[Start of Attachment]
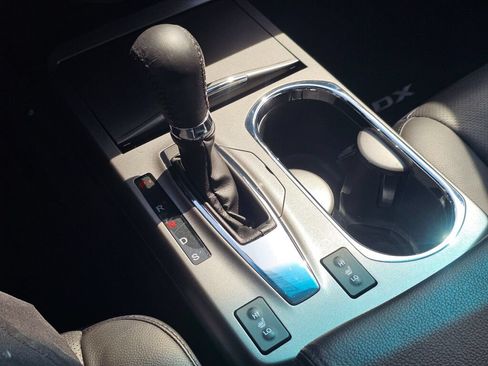 Used 2015 Acura RDX AWD w/ Technology Package image 34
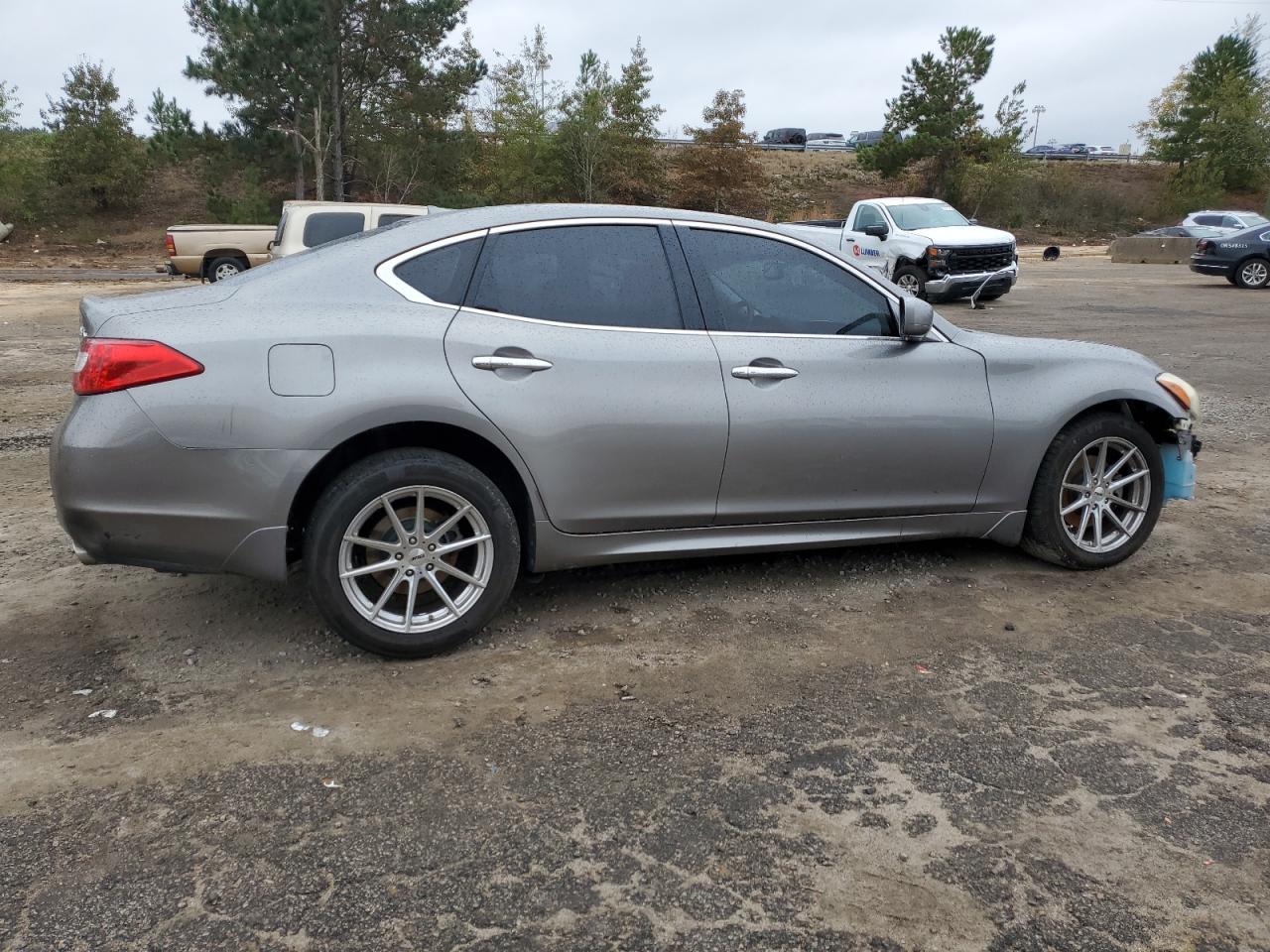 2012 Infiniti M - Image 3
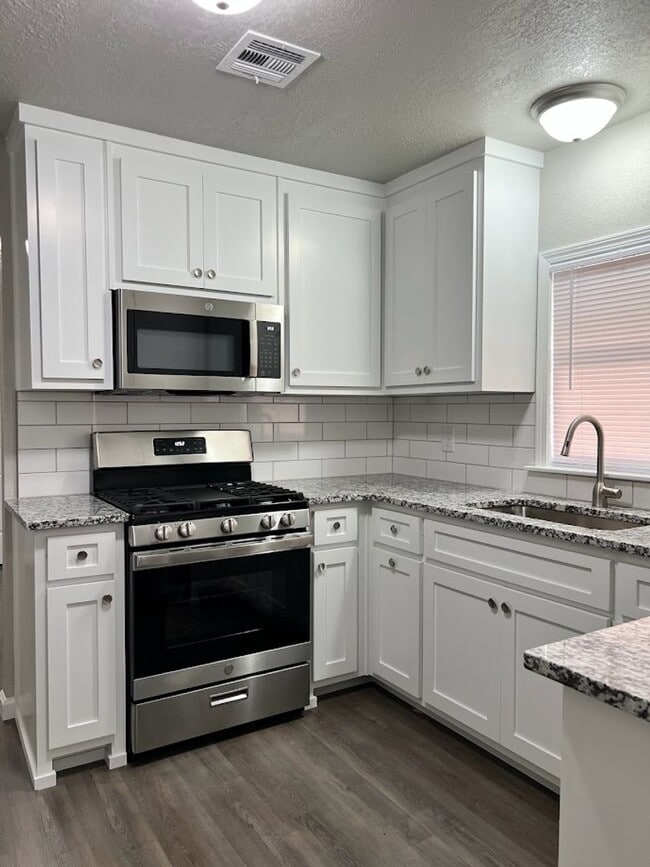 Building Photo - Beautifully Renovated 3 Bed, 1 Bath House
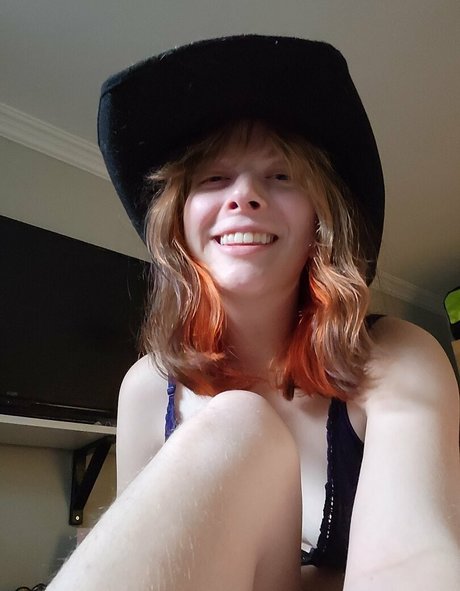 Naakte gelekte OnlyFans-foto van Dianalikesclowns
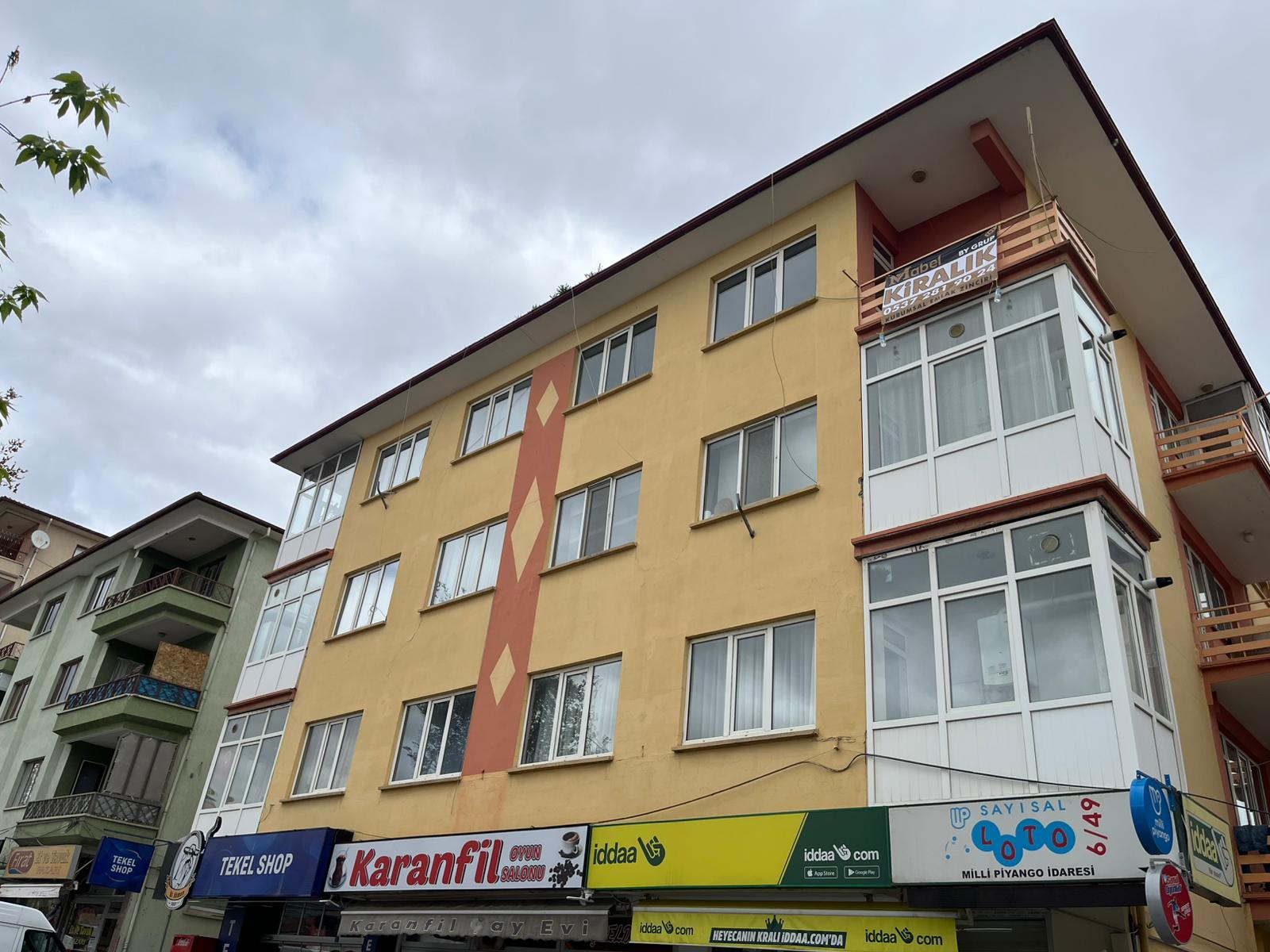 MABEL'DEN ORDU CADDESİ ÜZERİ MÜKEMMEL KONUMDA KİRALIK 2+1 DAİRE
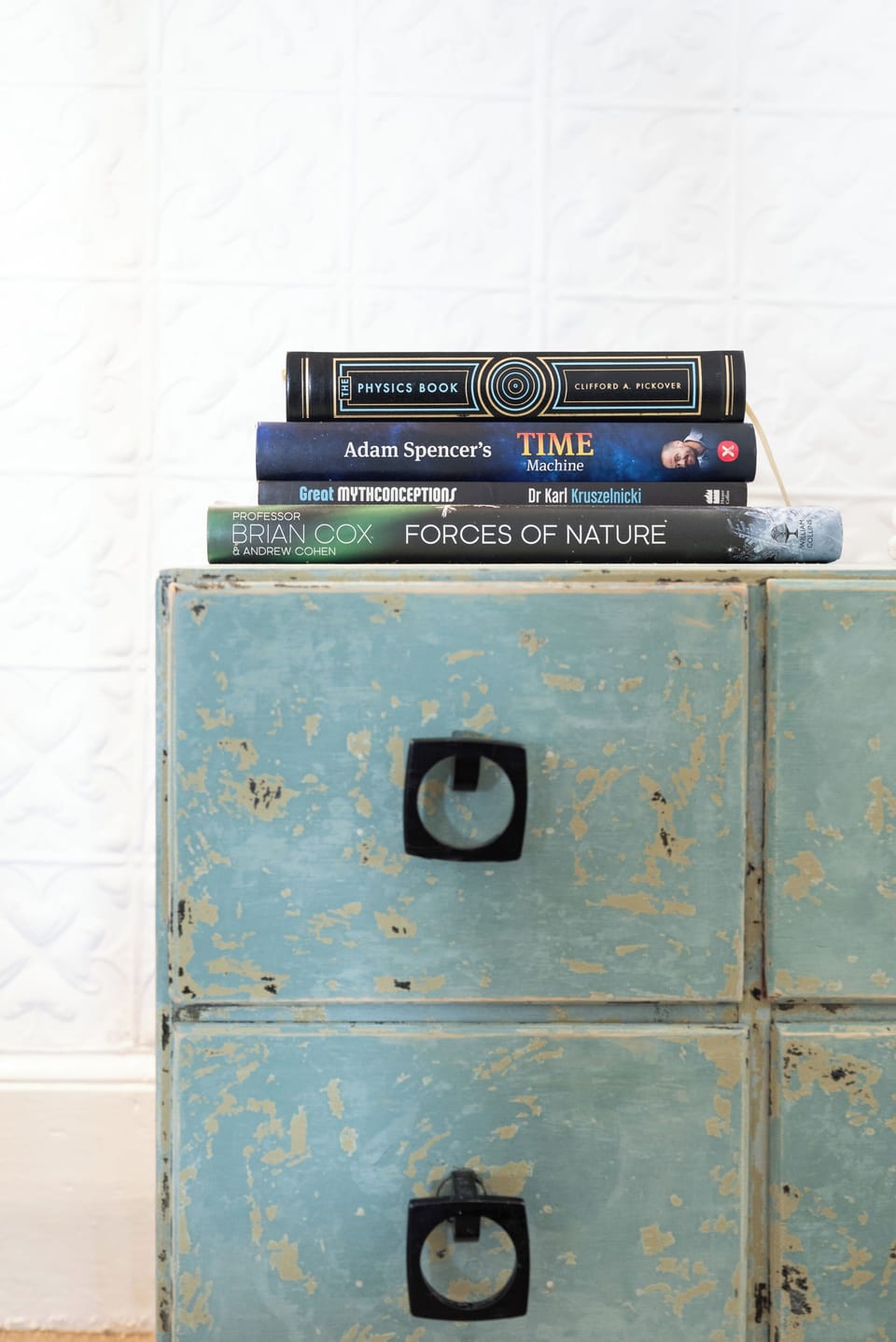 Engaging reading material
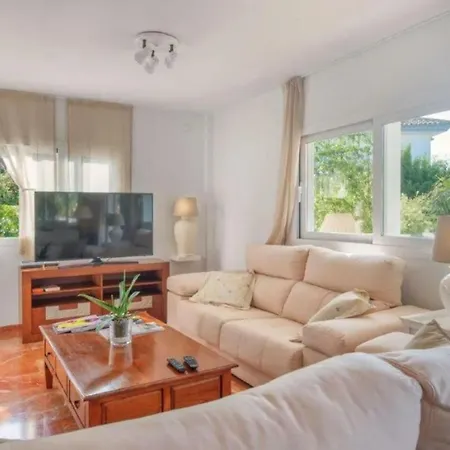 Inviting 6-bed House In * Marbella
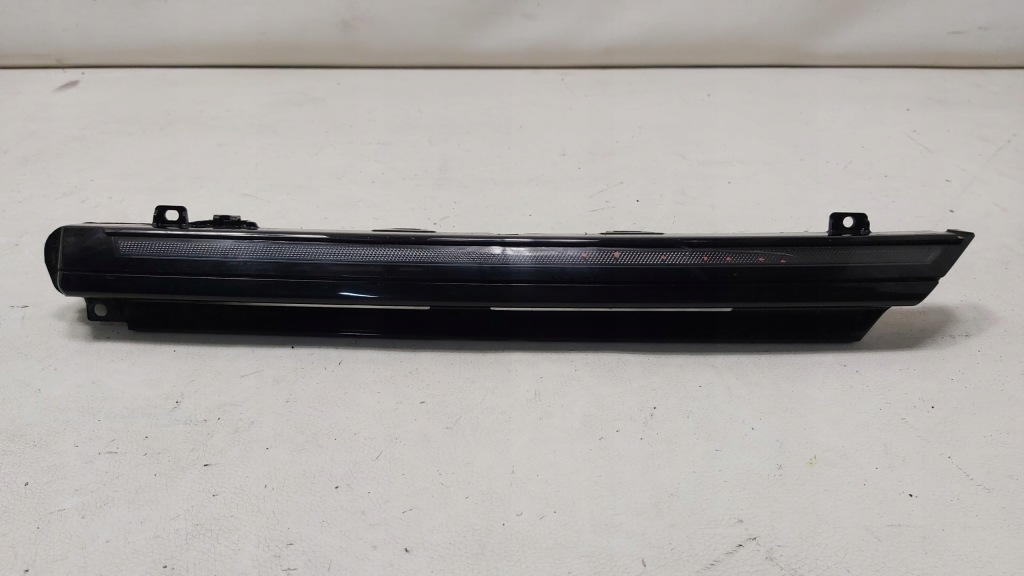 фото №1, Молдинг led левая vw golf viii 8 5h0941653a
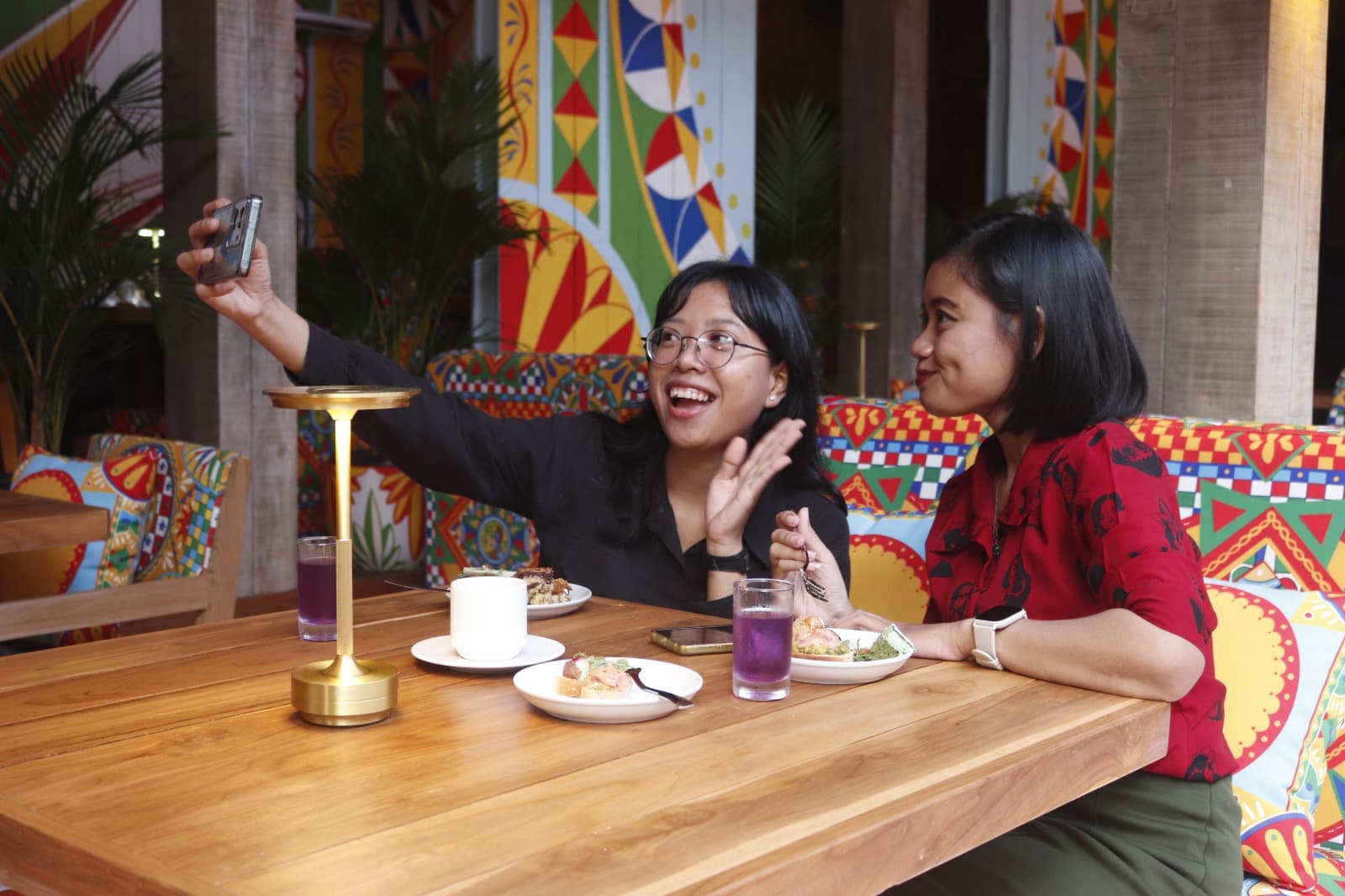 Rey’s Mediterranean Kitchen resmi hadir di kawasan Palagan, Sleman, mulai Sabtu (16/5/2026). Mengusung konsep casual dining colorful dengan menu khas Mediterania, restoran ini menawarkan pengalaman kuliner baru di Yogyakarta. (dok.jogjabanget.id)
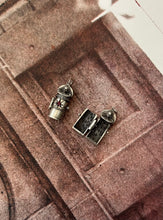 Load image into Gallery viewer, Vierge de Fer with stone
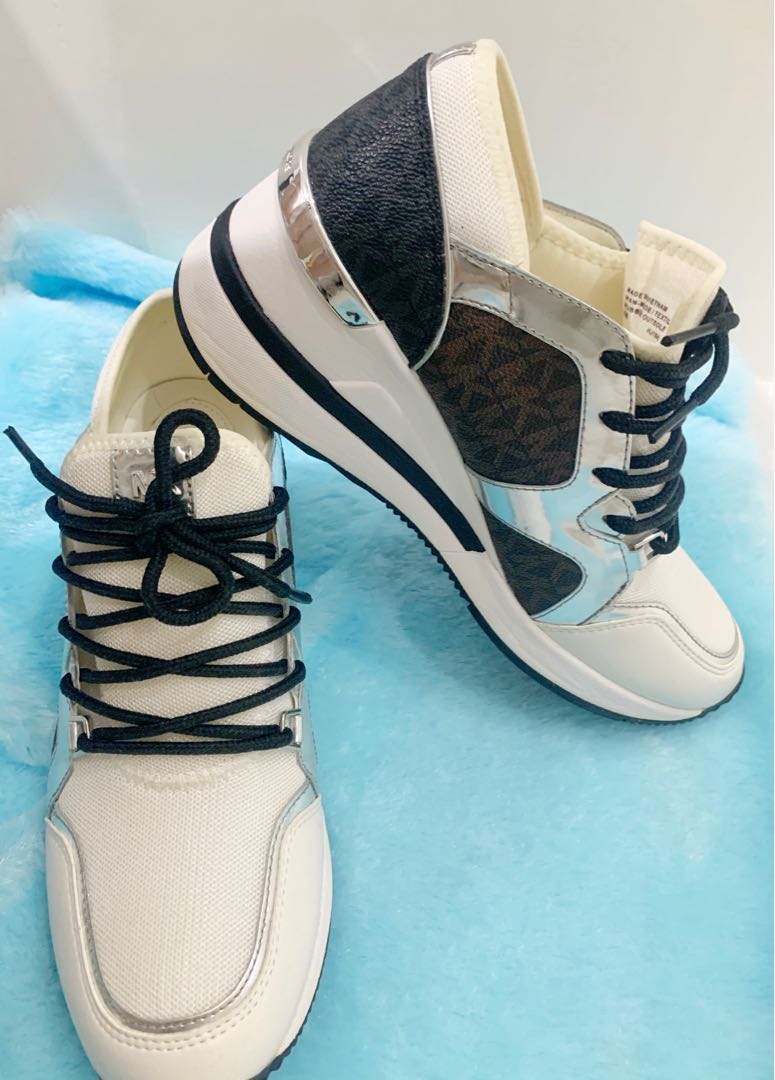 michael michael kors liv trainer signature logo sneakers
[End of Attachment]
- **Your task**
Only one stretch of the material above is wanted: the line containing "фото №1, Молдинг" through the line containing "Load image into". Restate it word for word, minus the pictures.

- **Exercise answer**
 фото №1, Молдинг led левая vw golf viii 8 5h0941653a
 Rey’s Mediterranean Kitchen resmi hadir di kawasan Palagan, Sleman, mulai Sabtu (16/5/2026). Mengusung konsep casual dining colorful dengan menu khas Mediterania, restoran ini menawarkan pengalaman kuliner baru di Yogyakarta. (dok.jogjabanget.id)
 Load image into Gallery viewer, Vierge de Fer with stone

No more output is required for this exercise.